A renegociação das dívidas foi proposta pelo governo no ano passado, mas, como os deputados retiraram as contrapartidas ao aprovar o projeto, o presidente Michel Temer enviou neste ano um novo texto, com conteúdo semelhante, para conseguir socorrer financeiramente os estados que enfrentam graves crises financeiras, entre os quais o Rio de Janeiro e o Rio Grande do Sul.
O novo texto está para ser votado na Câmara há duas semanas, entretanto, como não há consenso em torno das exigências aos governos estaduais, deputados contrários têm inviabilizado a análise do projeto para tentar barrar as contrapartidas.
Nesta terça (4), o relator do projeto, deputado Pedro Paulo (PMDB-RJ), afirmou que as contrapartidas previstas no texto proposto pelo governo federal, de um modo geral, são duras, mas necessárias.
Contrapartidas
Pelo texto do governo, para fechar o acordo, os estados deverão, entre outros pontos:
- autorizar a privatização de empresas dos setores financeiro, de energia e de saneamento para quitar dívidas;
- elevar a alíquota de contribuição previdenciária dos servidores;
- reduzir incentivos ou benefícios tributários.
- Durante a validade do regime de recuperação, o projeto ainda estabelece que os estados ficarão proibidos de:
- conceder vantagem, aumento, reajuste ou adequação de salários a servidores;
- criar cargos ou funções que impliquem em aumento de despesa;
- alterar a estrutura de carreira que gere aumento de gastos;
- realizar concurso público, ressalvadas as hipóteses de reposição de cargos vagos;
- criar ou aumentar auxílios, vantagens, bônus, abonos ou benefícios de qualquer natureza.
Relembre o caso
Em dezembro do ano passado, a Câmara aprovou um projeto de recuperação dos estados em crise fiscal que suspendia o pagamento das dívidas com a União em troca de medidas de ajuste.

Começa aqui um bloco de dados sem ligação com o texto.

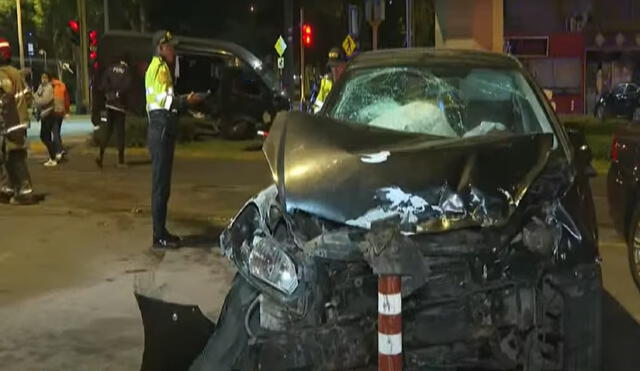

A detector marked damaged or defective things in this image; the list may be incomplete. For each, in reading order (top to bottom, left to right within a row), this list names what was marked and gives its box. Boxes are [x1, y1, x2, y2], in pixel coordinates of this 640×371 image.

shattered windshield [324, 66, 556, 140]
broken headlight [250, 237, 300, 294]
severely damaged car [134, 50, 600, 371]
crumpled hood [264, 112, 556, 235] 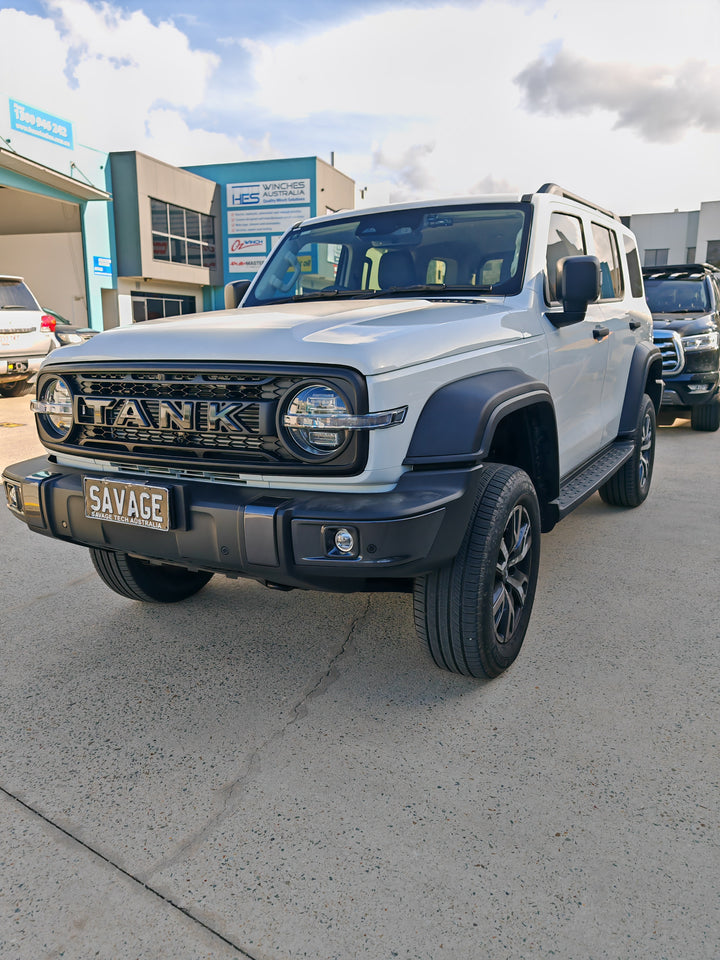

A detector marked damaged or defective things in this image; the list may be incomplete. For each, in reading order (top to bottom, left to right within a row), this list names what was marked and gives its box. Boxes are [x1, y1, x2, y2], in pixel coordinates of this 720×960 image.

crack in concrete [0, 784, 258, 956]
crack in concrete [146, 596, 372, 880] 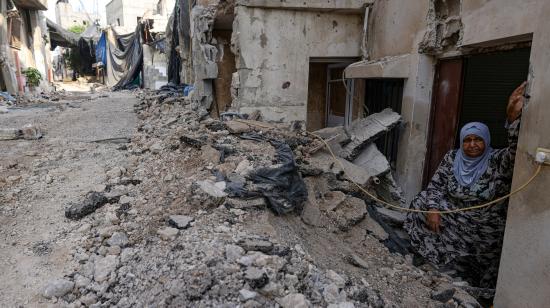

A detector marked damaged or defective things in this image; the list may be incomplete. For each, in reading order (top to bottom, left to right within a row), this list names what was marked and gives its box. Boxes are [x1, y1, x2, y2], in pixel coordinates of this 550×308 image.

torn black tarp [108, 25, 144, 89]
damaged wall [232, 6, 366, 121]
rusty metal shutter [460, 47, 532, 148]
torn black tarp [225, 136, 310, 215] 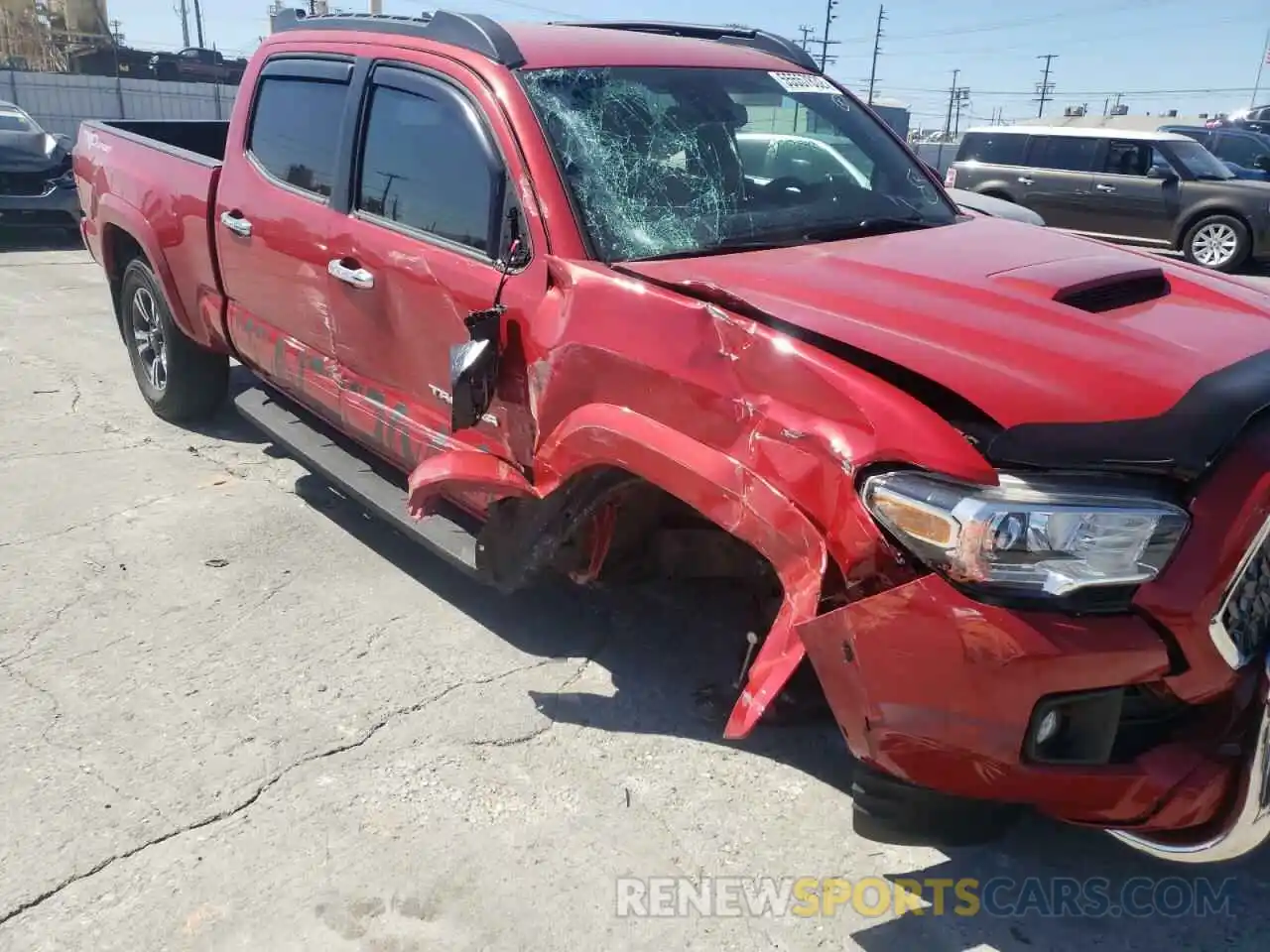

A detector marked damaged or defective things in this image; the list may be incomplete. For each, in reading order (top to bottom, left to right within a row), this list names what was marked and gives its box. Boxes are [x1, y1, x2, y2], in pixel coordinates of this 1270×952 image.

cracked windshield glass [520, 65, 954, 261]
shattered windshield [520, 65, 954, 262]
torn fender liner [406, 449, 536, 518]
torn fender liner [985, 347, 1270, 479]
crack in pavement [0, 654, 561, 934] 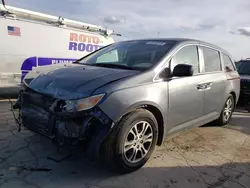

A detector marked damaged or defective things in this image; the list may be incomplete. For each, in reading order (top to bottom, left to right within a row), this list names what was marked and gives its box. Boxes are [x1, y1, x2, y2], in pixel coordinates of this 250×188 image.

crumpled hood [24, 64, 139, 100]
damaged front bumper [14, 88, 114, 148]
broken headlight [63, 93, 105, 112] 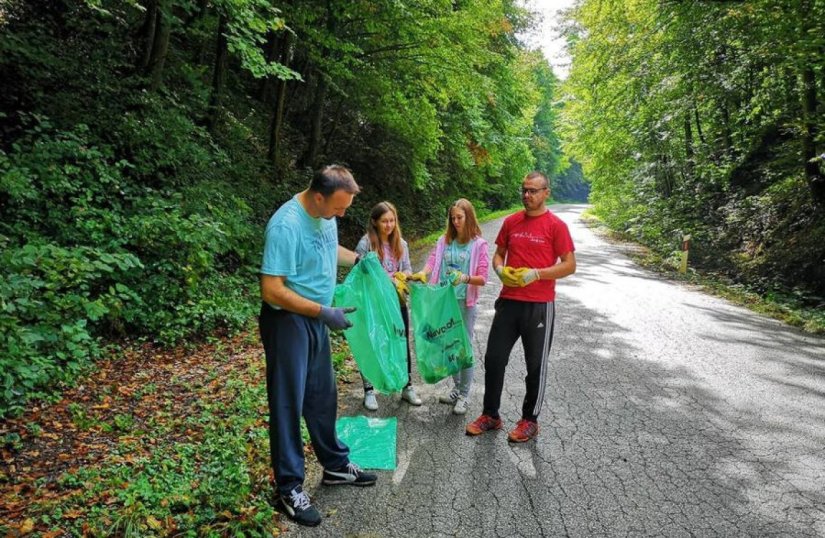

Ao analisar o projeto, contudo, os deputados retiraram a previsão de os estados terem de cumprir as contrapartidas.
Em razão dessa mudança no texto, Temer vetou o capítulo da proposta que tratava do socorro às unidades da federação.
Em fevereiro, o Palácio do Planalto enviou ao Congresso um novo projeto de renegociação das dívidas, deixando explícitas no texto as contrapartidas que deverão ser cumpridas pelos estados. O projeto suspende o pagamento das dívidas por até três anos.